Sue Hay, head of St George’s junior school, says: “Gylemuir had already established their forest area and there was no doubt they could help us, especially as both schools took a holistic approach to Curriculum for Excellence.

“Gylemuir has followed a Storyline approach to developing their outdoor space, where the children create a hypothesis about an elf and his hierarchy of needs, like shelter and food. Sharing a similar pedagogy, and learning from their example, we decided to develop our own outdoor learning space, and so we annexed a piece of land at the side of the PE hall,” she says.

The size of a large garden, the space was designed, landscaped and planted by junior and nursery pupils working with Earth Calling, an established environmental education organisation that had previously worked with Gylemuir.

“Gylemuir introduced us to Earth Calling, who are a knowledgeable, passionate team who really brought ideas about wildlife and the environment alive for our pupils, with whom they consulted at every stage, taking their ideas forward and making them `effective contributors’,” says Mrs Hay.

It took three days, involving all junior school pupils, to lay the foundations of the forest, planting native Scottish trees to complement the mature ones already established, making willow domes and weaving withies (willow wands) which grow and change with the seasons.

The two schools, who made a joint presentation at the Scottish Learning Festival on Wednesday this week, are now in the process of developing their partnership through different kinds of links.

“Gylemuir are interested in our nursery French programme, a programme we have developed ourselves, and we are interested in how Gylemuir uses animation and film technology as we hope to adopt a similar approach in our primary school. Continuing the partnership and building on the relationship we’ve established is very important to both schools,” says Liz Stewart, head of nursery.

Even from the beginning of the project, the cross-curricular activities were apparent. Science and environmental education were brought to the fore with a study on trees and leaf recognition, and the planting of native trees and learning the folklore attached to them. Technology involved photography, videoing and recording interviews with the Earth Calling team.

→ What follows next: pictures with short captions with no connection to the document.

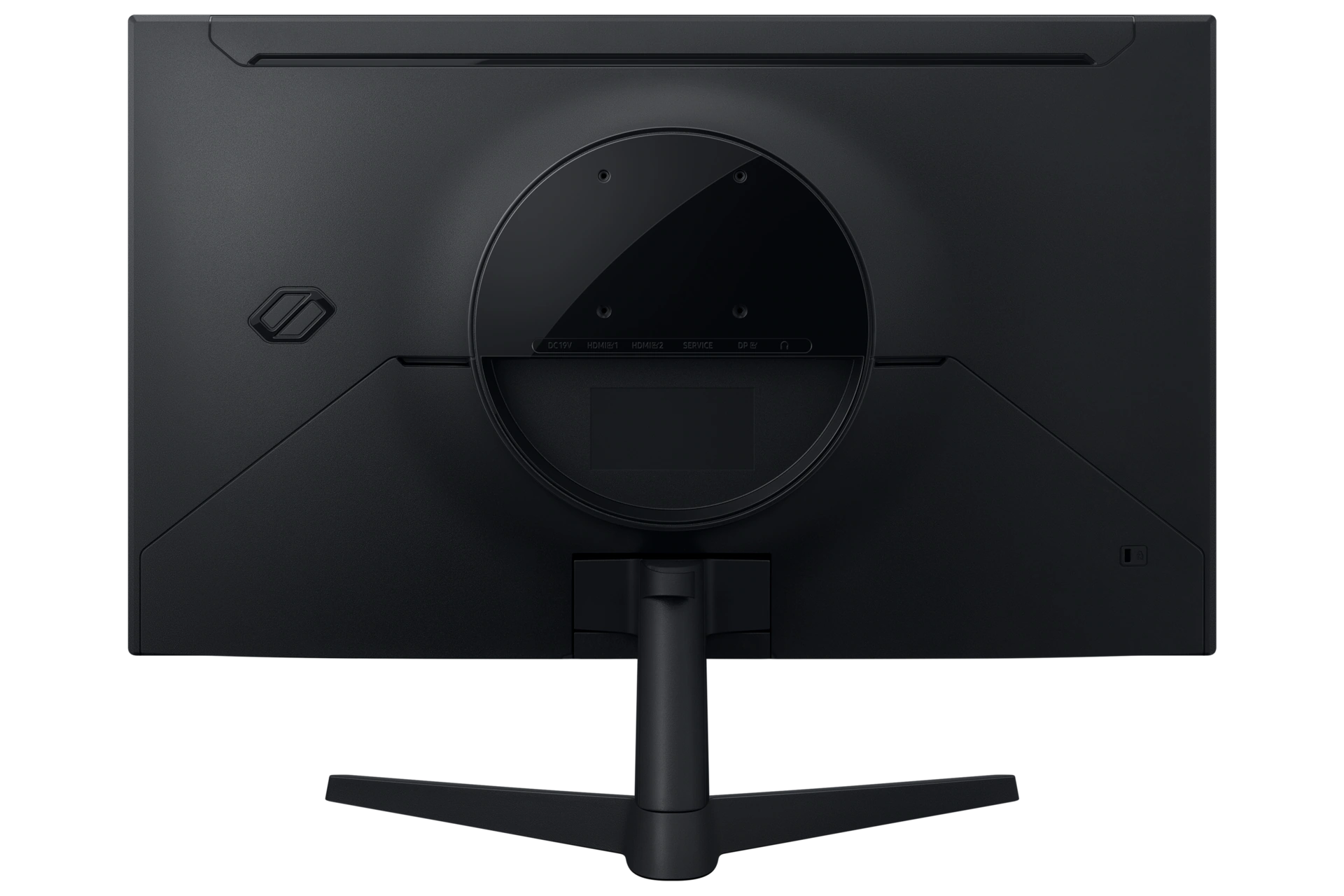 Samsung Odyssey G5 G53F 27" QHD 200Hz IPS Gaming Monitor – view 5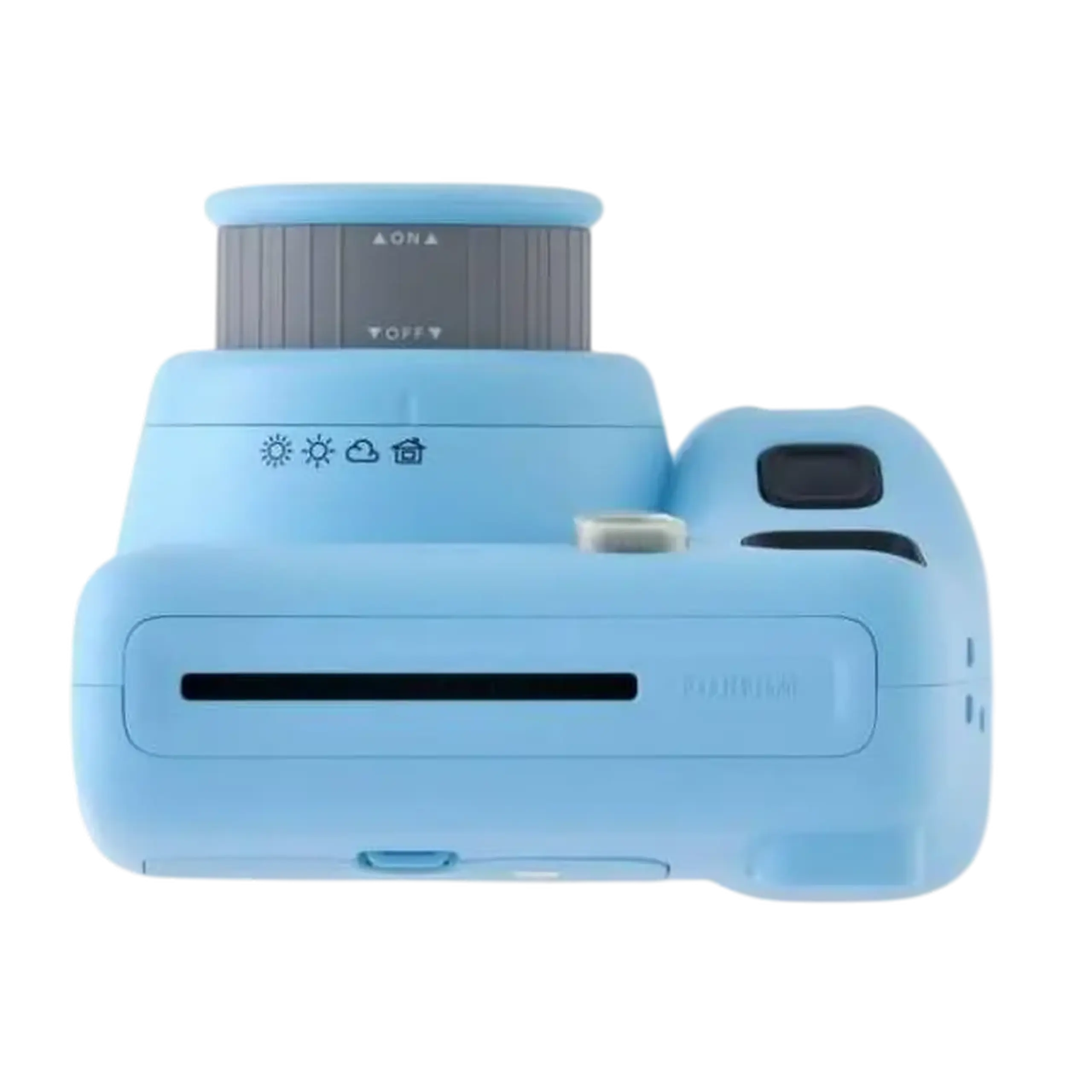 Cameră Foto instax Mini SE, Albastru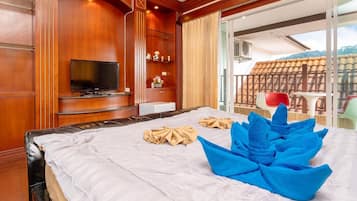 6 habitaciones y wifi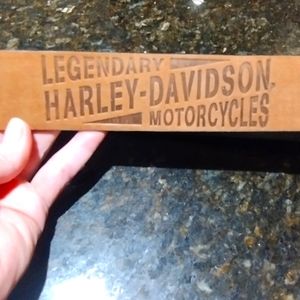 Harley Davidson Belt NWOT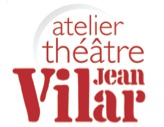 Du 2 au 20 décembre et le 31 décembre 2013, l’Atelier Théâtre Jean Vilar présente : L’Amant jaloux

Literacy and numeracy came into the planning of storytelling sessions and the pupil decisions about how to raise and spend further funding.

And central to it all was art: drawing maps, plans and designs; making land art, using foliage; using withies to make “dreamcatchers” to hang from the trees; sketching and chalking on stone.

“It’s also enterprise education at its best,” says Mrs Hay. “The budget was handled by the P5 pupil council who kept the accounts in an account book entitled `Money Grows on Trees’.

“They got parents to sponsor trees as well and they made a presentation to the school’s futures group to secure a little more funding for seating and a pebble bed to counteract the problem of mud. They really helped lead the project,” she says.

Mrs Stewart agrees. “Children are natural entrepreneurs and as teachers it’s our job to help them. We’re surrounded by resources that children see the potential in, that we don’t necessarily see. We have to scaffold their ideas.”

For Mrs Stewart, the Fantastical Forest is a natural growth in a more traditional way as well. “The idea of a nature garden has been part of nursery philosophy since at least Froebel and we can look on our forest as a whole-school extension of that idea. Not only does using this natural space help finely tune pupils’ observational skills by taking them back to nature, it also provides a healthy and necessary balance to virtual learning,” she says.

The Fantastical Forest is a whole-school project which, following Gylemuir, they hope will help them to become a Green Flag eco-school. Secondary pupils at St George’s performed Pyramus and Thisbe (Shakespeare’s play within the play A Midsummer Night’s Dream) in the Fantastical Forest, while all the school’s art students were involved in helping to create artwork for the outdoor space.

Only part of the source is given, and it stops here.